Allam was not always a defender of the Jewish state. “‘Zionism’ was a dirty word for me,” he admits in his book. For years he considered Israel an aggressive, racist, colonialist, immoral entity, and he accepted the methods of the Palestinian struggle and its leader Yasser Arafat, “without criticizing the fact that Fatah adopted the path of terror extensively inside and outside Israel.” After emigrating from Egypt to Italy in 1972, he even enlisted actively for the Palestinian cause, writing, lecturing and participating in demonstrations by the Italian left: “I also shouted ‘Long live Palestine! Long live the Palestinian resistance!’” he writes in the book. “My passion for the Palestinian cause was strong, as was my enthusiasm for Arafat’s personality.”

In his new book he describes his long road from profound admiration for Arafat and “the prophet of pan-Arabism,” Gamal Abdel Nasser, and strong support for the Palestinian cause, to his unreserved support for Israel. “I want to tell you about my slow and tortured path from the ideology of lies, tyranny, hatred, violence and death, to the culture of truth, freedom, love, peace and life, until it ripened into absolute certainly that defending the sanctity of life is more than ever in keeping with defending Israel’s right to exist,” he writes. At the end of this “slow and tortured path” he reached the conclusion that the Arab countries’ refusal to recognize Israel during the 1950s and 1960s hurt the Palestinians, and that Arafat was a tyrant, a megalomaniac, corrupt and corrupting, and the worst disaster to befall them.

Regarding the present situation in Gaza, Allam says he never had any illusions about Hamas. “I thought it was a big mistake to allow a terror organization to participate in elections. Condoleezza Rice and Tony Blair deluded themselves in believing that Hamas’ very participation in the government would turn the group into a pragmatic political power,” he says. “Instead, it turned out that Hamas will never recognize Israel’s right to exist, will not relinquish terror and will not honor international agreements signed by the Palestinian Authority. Hamas wants absolute rule in order to impose sharia and to revive the international Islamic caliphate. As it pushes for absolute rule, it does not hesitate to massacre its Palestinian brothers in Gaza. It will try to do the same thing in the West Bank.”

Do you believe the Israeli-Palestinian conflict can be solved before the “ideology of death” is uprooted - that even if Israel returns all the territories it occupied in 1967, it will continue to live by the sword?

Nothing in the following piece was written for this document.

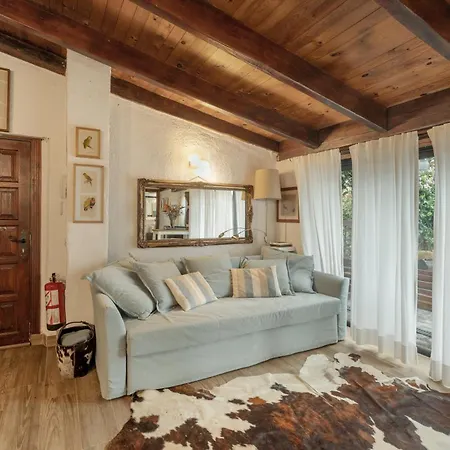 Casa Palmera - Private Paradise Vakantiehuis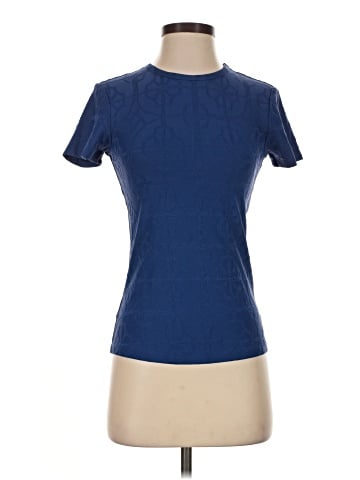 J. McLaughlin Short Sleeve T-Shirt (view 1)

“The Israeli withdrawal from Lebanon and Gaza demonstrates that the problem is not the need to withdraw from territories occupied in preemptive wars, but rather the Arabs’ lack of desire to recognize Israel’s right to exist. Israel erred in 1967 when it accepted the formula of territory for peace, and thus placed its very existence up for public auction. Experience teaches that the right to life cannot and should not be a subject for negotiation and bargaining. No negotiations should be held with extremists and terrorists who deny Israel’s right to exist.”

Interrogation trauma

Allam believes the defeat of the Arabs during the Six-Day War was the watershed between the waning of pan-Arabism and the rise of pan-Islamism. Allam, who was then 15, remembers the war, the brainwashing, the deceptive Egyptian propaganda machine, the blind admiration of Nasser and the masses he joined in the streets calling on Nasser not to resign. He devotes a substantial part of his book to the war: three autobiographical chapters seasoned with the fragrances, sounds, colors and flavors of his beloved Aunt Adreya’s home and the streets of Naguib Mahfouz’s Cairo - a colorful, pluralistic and tolerant city where girls wore miniskirts and boys sported Beatles haircuts.

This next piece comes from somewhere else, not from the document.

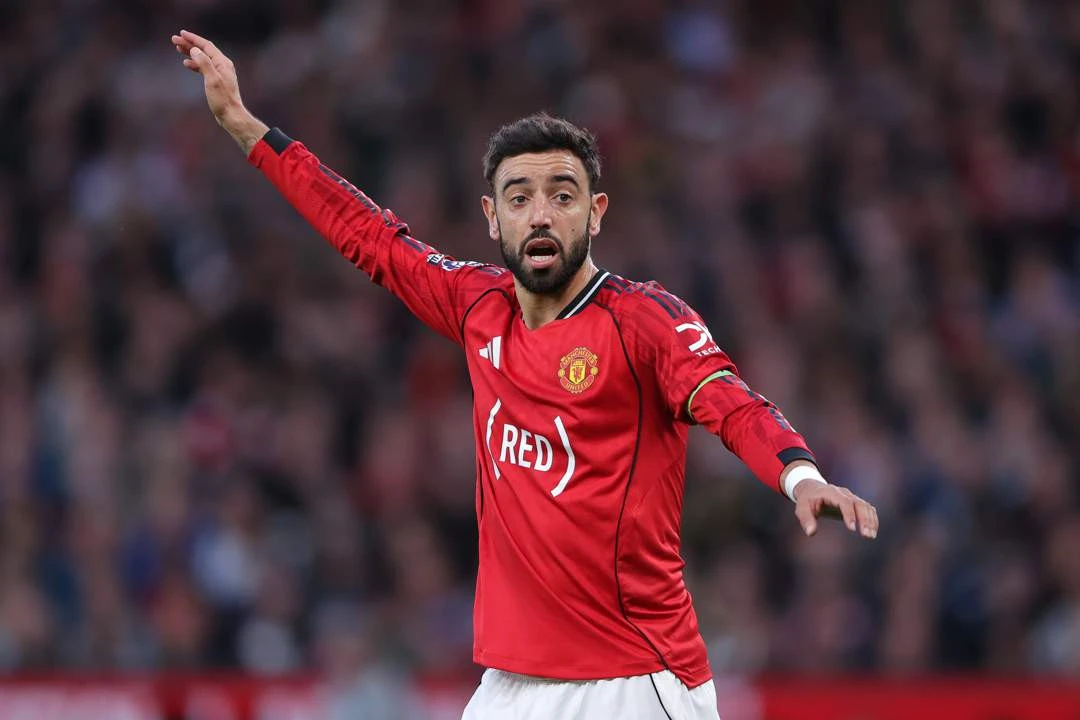 LIVE | Premier League: Man United v Liverpool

This was the city where he was detained, interrogated and imprisoned at age 15 by the Muhabarat, the secret services, on suspicion of spying for Israel, because of his relationship with a Jewish girl, also 15 and “the first true love of his life.” “The trauma of that interrogation at the Muhabarat barracks accompanied me until that day on Christmas Eve 1972, when I left Egypt to continue my studies in Italy.”

In the book you lovingly describe your childhood. Do you miss Egypt? Do you visit often?

“I miss an Egypt that no longer exists and that continues to live inside me thanks to the memories, the songs of Umm Kulthum, the novels of Naguib Mahfouz and the films of Yusuf Shahin. I long for the social fabric that embodied a genuine love of others and a simple life where emotion was more important than money. Unfortunately, for reasons of personal security, I haven’t been back to Egypt since 2002.”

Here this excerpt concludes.